**Your goal:**
The full listing, minus its pictures, should be printed again exactly as it stands.

**Material provided:**

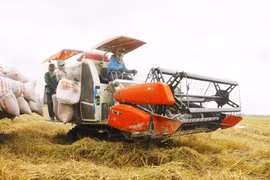 越南大米进军英国市场的大门敞开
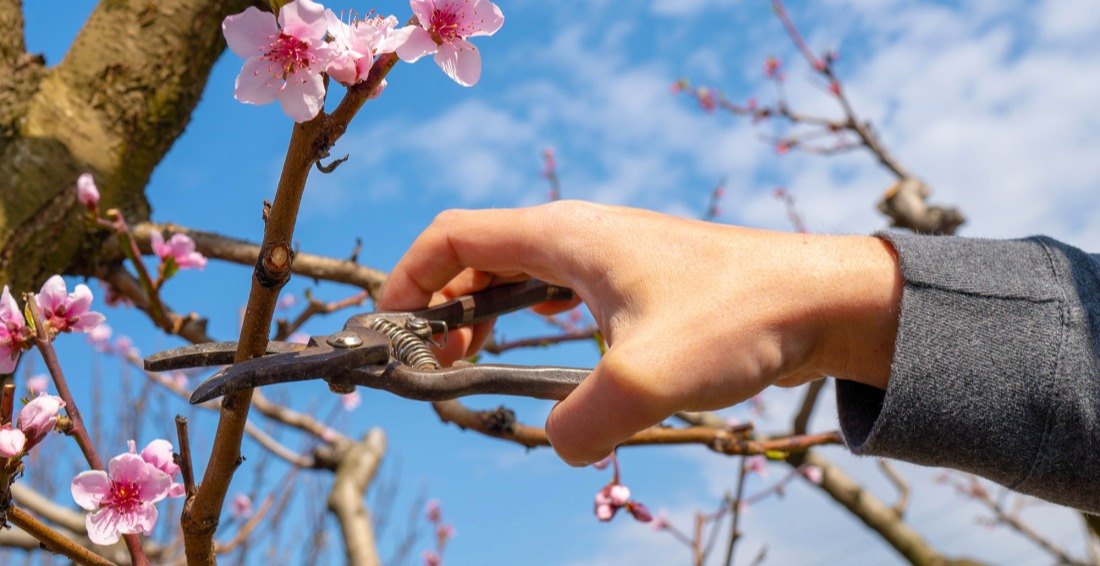 Taille des branches des arbres fruitiers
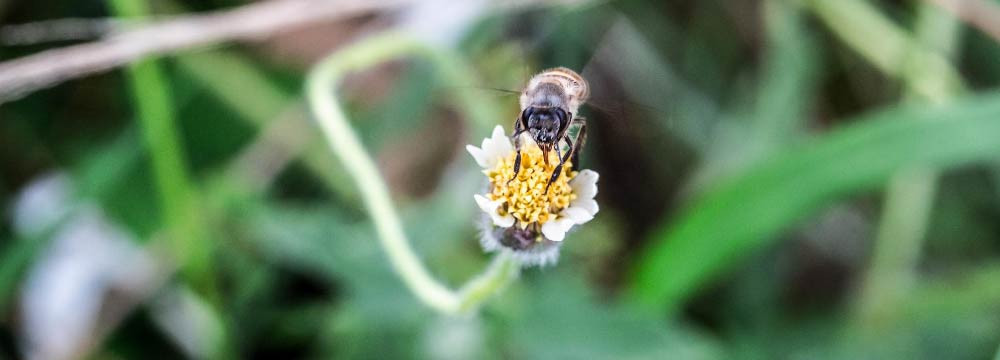 Gemelos de abeja: elegancia masculina natural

**Output below:**
 越南大米进军英国市场的大门敞开
 Taille des branches des arbres fruitiers
 Gemelos de abeja: elegancia masculina natural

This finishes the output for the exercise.